Suppose that $IJ=(a)$ is principal. $IJ\subseteq I$, so $(a)\neq(1)$. Then $a$ has a prime factor $p$. $IJ=(a)\subseteq(p)$ implies that $IJ R_p\neq R_p$. Since $I$ and $J$ are not contained in $(p)$, there exists some $i\in I\setminus (p)$ and $j\in J\setminus (p)$. However, the complement of a prime ideal is multiplicatively closed, so $ij\in IJ\setminus (p)$. Thus $IJ R_p = R_p$, a contradiction.

For completeness I'm also including a simple proof that maximal ideals in $\mathbb{Z}[t,t^{-1}]$ are not principal: the only quotient fields of $\mathbb{Z}[t,t^{-1}]$ are of the form $\mathbb{Z}_p[t,t^{-1}]/(f(t))\cong\mathbb{Z}[t,t^{-1}]/(p,f(t))$, where $p\in\mathbb{Z}$ is prime and $f(t)$ is irreducible mod $p$. In particular, these fields are finite.
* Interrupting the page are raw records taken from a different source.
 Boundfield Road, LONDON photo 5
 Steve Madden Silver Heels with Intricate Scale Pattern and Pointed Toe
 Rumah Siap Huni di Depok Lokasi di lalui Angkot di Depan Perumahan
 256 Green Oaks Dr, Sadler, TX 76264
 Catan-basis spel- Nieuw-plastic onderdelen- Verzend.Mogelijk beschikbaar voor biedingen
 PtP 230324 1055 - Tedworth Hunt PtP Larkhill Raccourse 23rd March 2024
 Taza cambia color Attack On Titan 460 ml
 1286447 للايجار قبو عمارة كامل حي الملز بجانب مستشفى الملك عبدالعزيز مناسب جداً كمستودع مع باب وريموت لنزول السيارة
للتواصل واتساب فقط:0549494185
However, the quotient of $\mathbb{Z}[t,t^{-1}]$ by any principal ideal $(a)$ must be infinite (or zero, in which case $(a)=(1)$ is not maximal): if $a\in \mathbb{Z}$, then $\mathbb{Z}[t,t^{-1}]/(a)\cong\mathbb{Z}_a[t,t^{-1}]$ has polynomials of arbitrary degree, and if $a=a(t)$ is a polynomial of positive degree, then $\mathbb{Z}[t,t^{-1}]/(a(t))$ has $\mathbb{Z}$ as a subring. In conclusion, the maximal ideals are of the form $(p,f(t))$ as above and all require two generators. As height 1 primes are principal in a UFD, the maximal ideals are the only nonprincipal prime ideals in $\mathbb{Z}[t,t^{-1}]$.
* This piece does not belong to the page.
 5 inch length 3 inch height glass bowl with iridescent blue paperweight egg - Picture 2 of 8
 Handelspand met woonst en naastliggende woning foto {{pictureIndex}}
This answers my original question about the ideals in a given ideal class. One can use these techniques to show that the submonoid generated by any nonprincipal ideal in a UFD is free (isomorphic to $\mathbb{N}$), and that the maximal ideals in $\mathbb{Z}[t,t^{-1}]$ generate a free submonoid of infinite rank (isomorphic to $\mathbb{N}^\infty$), for instance.
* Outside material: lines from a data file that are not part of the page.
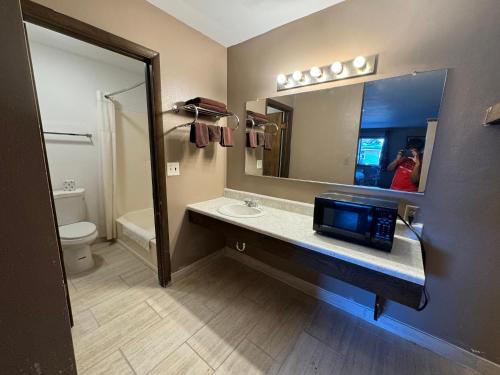 Ένα μπάνιο στο Clintonville Motel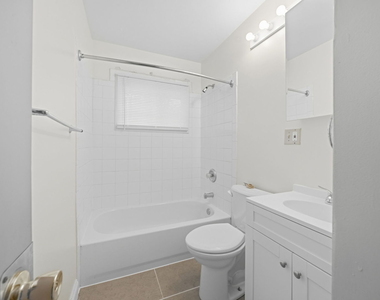 14229 S Blaine Avenue - Photo Thumbnail 7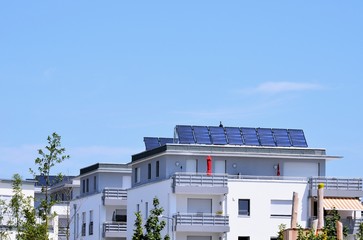 Solarzellen auf Mehrfamilienwohnhaus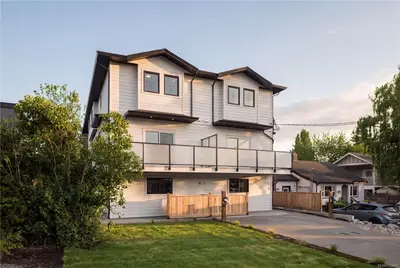 913 Dale St #3, Saanich BC V8X 2V9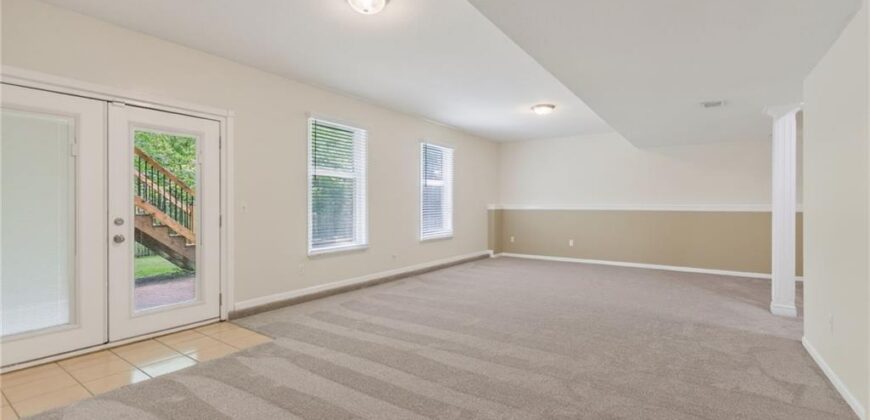 9127 NW 86 Court, Kansas City, MO 64153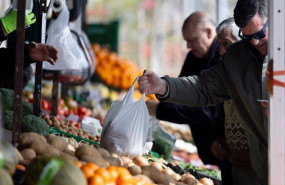 ep archivo   varias personas comprando en un mercado de alimentos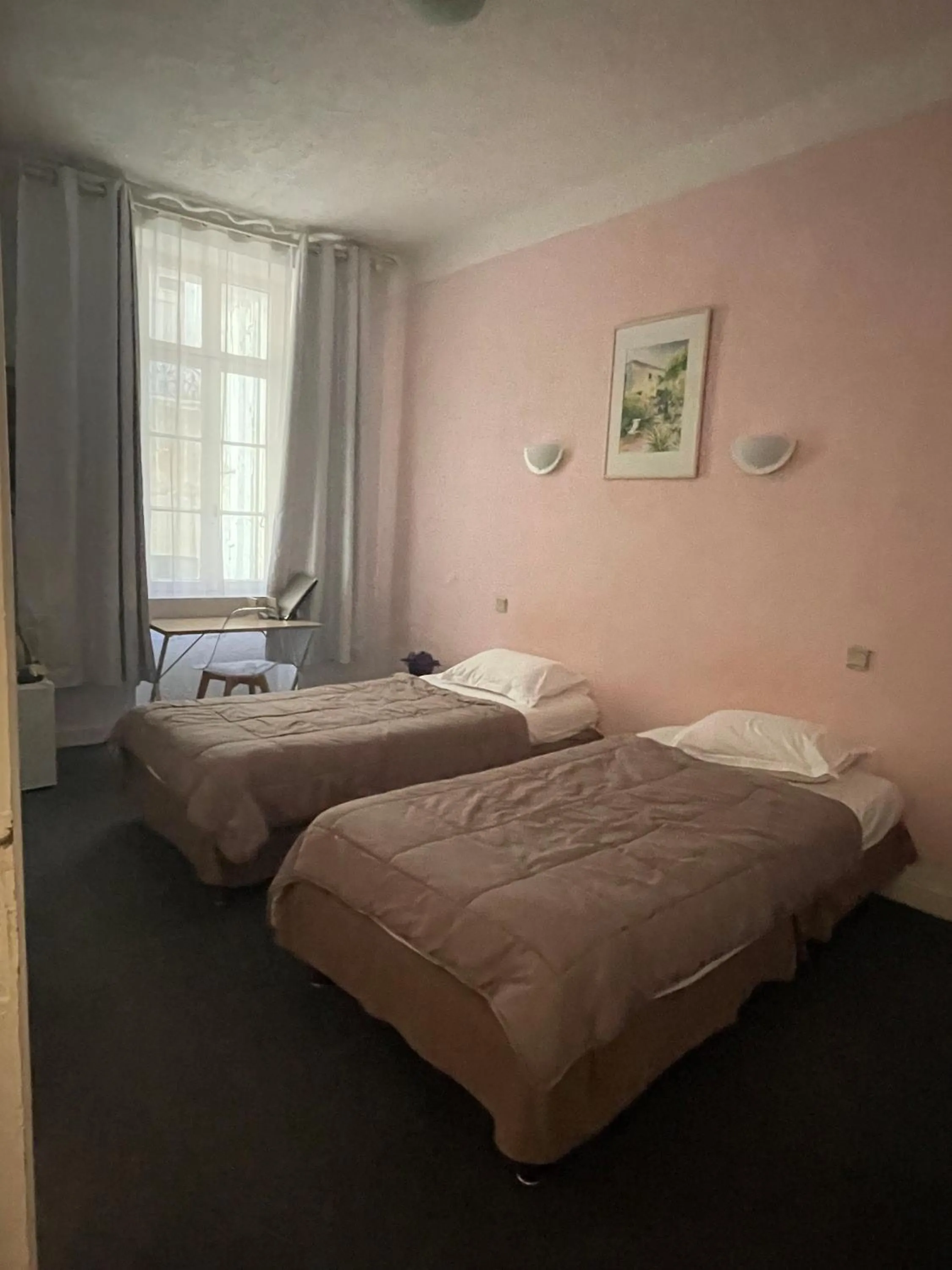 Property building, Bed in Hotel De France Perpignan Centre Ville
For an example of non-unique factorization of ideals/ideal classes, the following example I found in Multiplicative Ideal Theory by Giller has been illuminating for me: $(a,b)^2(a,b)=(a,b)^3=(a^3,a^2b,ab^2,b^3)=(a^2,b^2)(a,b)$, but one does not usually expect $(a,b)^2=(a^2,b^2)$. Taking $(a,b)$ to be a maximal ideal in $\mathbb{Z}[t,t^{-1}]$, e.g. $(2,t+1)$, we have $(2,t+1)^2(2,t+1)=(4,(t+1)^2)(2,t+1)$, but $(2,t+1)^2\neq(4,(t+1)^2)$. So this is an example of failure of cancellation of ideals, and it arises so naturally that one suspects this must be a common occurrence. Since neither ideal is contained in a proper principal ideal, this also displays failure of cancellation in the ideal class monoid, which corresponds to the classes $[(2,t+1)^2]$ and $[(4,(t+1)^2)]$ becoming identified in the group completion of the ideal class monoid.